** WORK ITEM **
After finding the line that contains "this 1200×840 image." in the material below, print that line and all subsequent lines exactly, up to and including the last.

Start of Block

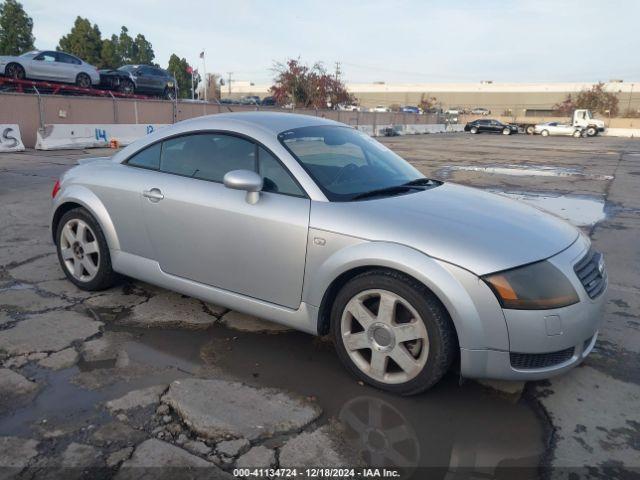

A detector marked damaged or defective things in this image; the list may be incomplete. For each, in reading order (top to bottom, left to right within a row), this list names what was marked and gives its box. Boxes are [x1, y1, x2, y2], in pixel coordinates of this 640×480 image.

cracked asphalt [0, 133, 636, 478]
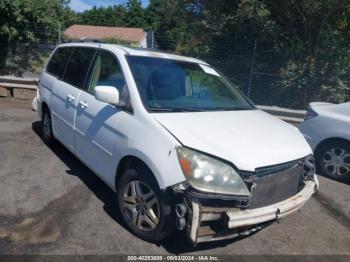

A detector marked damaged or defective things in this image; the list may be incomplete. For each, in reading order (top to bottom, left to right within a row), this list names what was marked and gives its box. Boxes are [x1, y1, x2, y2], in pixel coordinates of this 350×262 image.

cracked headlight [176, 146, 250, 195]
damaged front bumper [186, 180, 318, 244]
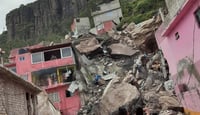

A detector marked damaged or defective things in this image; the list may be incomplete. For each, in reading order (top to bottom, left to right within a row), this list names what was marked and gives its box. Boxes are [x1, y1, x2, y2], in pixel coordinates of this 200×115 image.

damaged roof [0, 65, 41, 94]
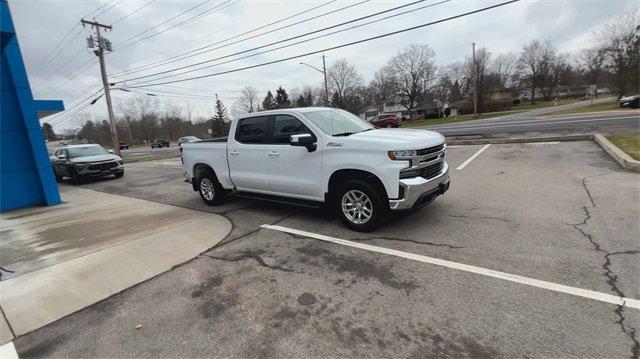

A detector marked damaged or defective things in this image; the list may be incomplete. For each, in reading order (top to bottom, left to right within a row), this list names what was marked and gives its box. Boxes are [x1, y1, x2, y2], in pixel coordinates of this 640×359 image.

crack in pavement [202, 250, 296, 272]
crack in pavement [568, 176, 636, 358]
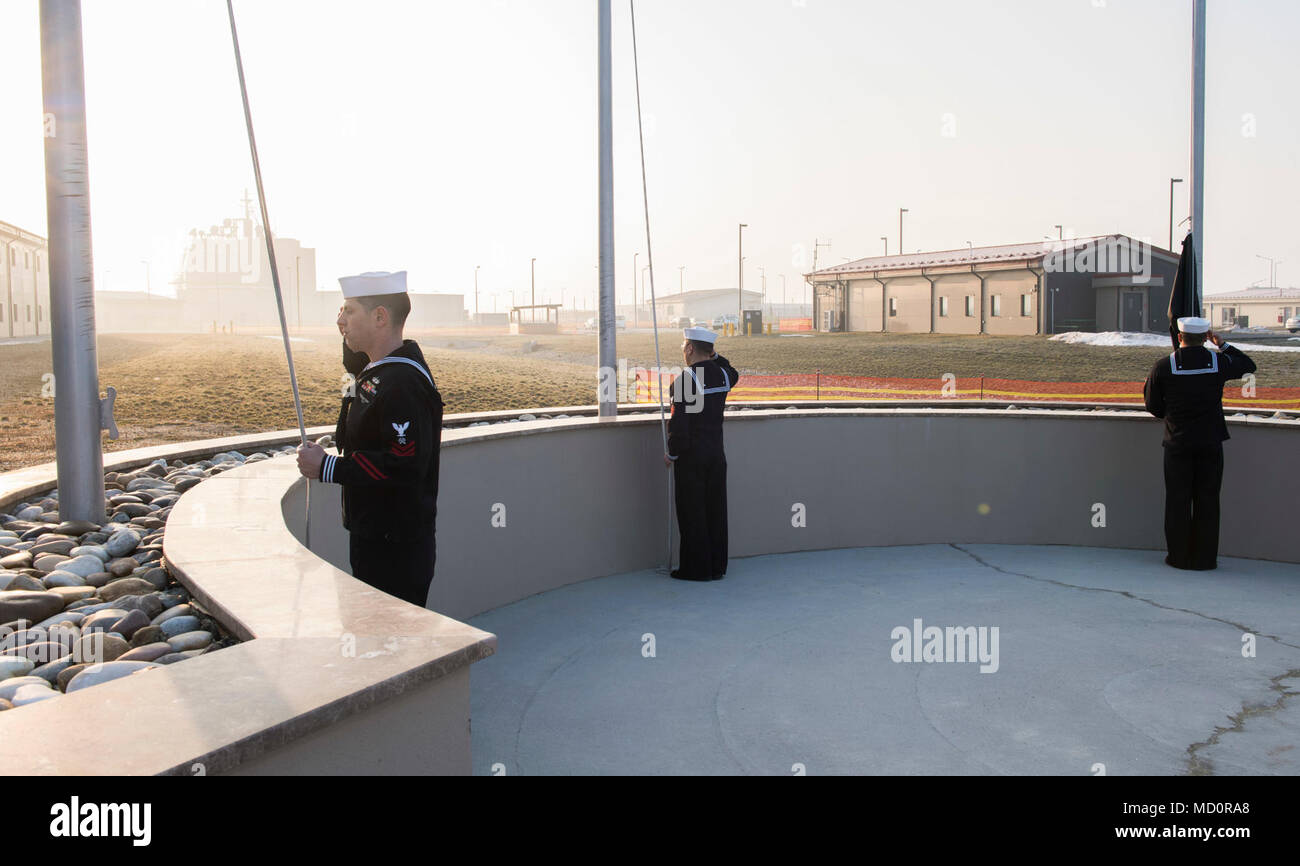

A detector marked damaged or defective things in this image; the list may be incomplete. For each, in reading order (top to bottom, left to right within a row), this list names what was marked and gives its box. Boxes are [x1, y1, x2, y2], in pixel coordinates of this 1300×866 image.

crack in concrete [946, 540, 1300, 774]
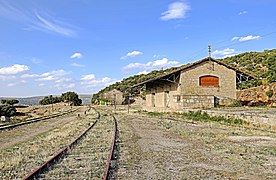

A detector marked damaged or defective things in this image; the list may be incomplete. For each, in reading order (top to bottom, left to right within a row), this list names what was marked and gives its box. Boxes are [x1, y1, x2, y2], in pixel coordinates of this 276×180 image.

rusty rail [23, 112, 98, 179]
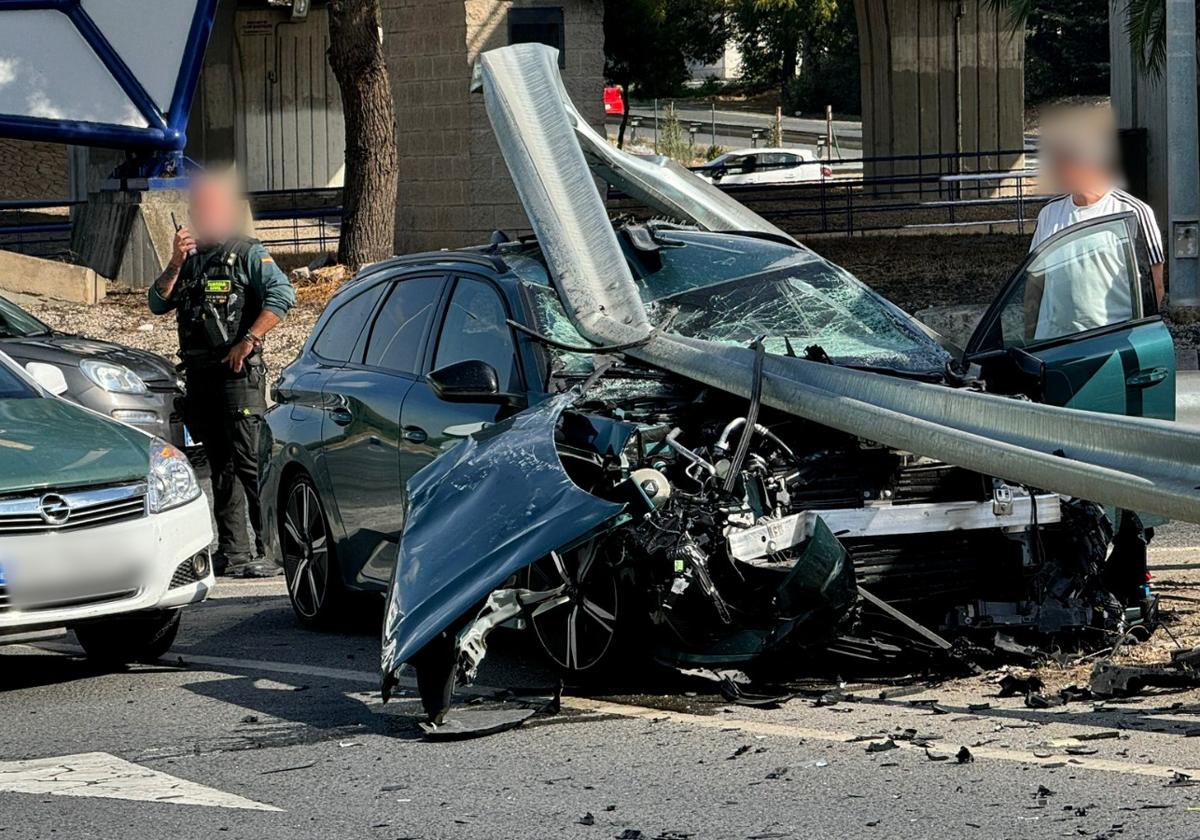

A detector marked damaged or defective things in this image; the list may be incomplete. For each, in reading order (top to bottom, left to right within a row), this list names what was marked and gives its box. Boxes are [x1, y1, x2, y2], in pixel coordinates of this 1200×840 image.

crumpled hood [0, 398, 149, 496]
crumpled hood [0, 334, 178, 388]
shattered windshield [516, 230, 948, 374]
severely damaged car [264, 46, 1200, 724]
crumpled hood [382, 394, 628, 696]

End of Block

** SOLUTION **
A detector marked damaged or defective things in this image; the list may be incomplete. For each, in reading order (top to bottom, left to right within a row), this list names what was marked and gives its box. Boxes are [x1, y1, x2, y2], in pixel coordinates of this 1200×840 image.

crumpled hood [0, 398, 149, 496]
crumpled hood [0, 334, 178, 388]
shattered windshield [516, 230, 948, 374]
severely damaged car [264, 46, 1200, 724]
crumpled hood [382, 394, 628, 696]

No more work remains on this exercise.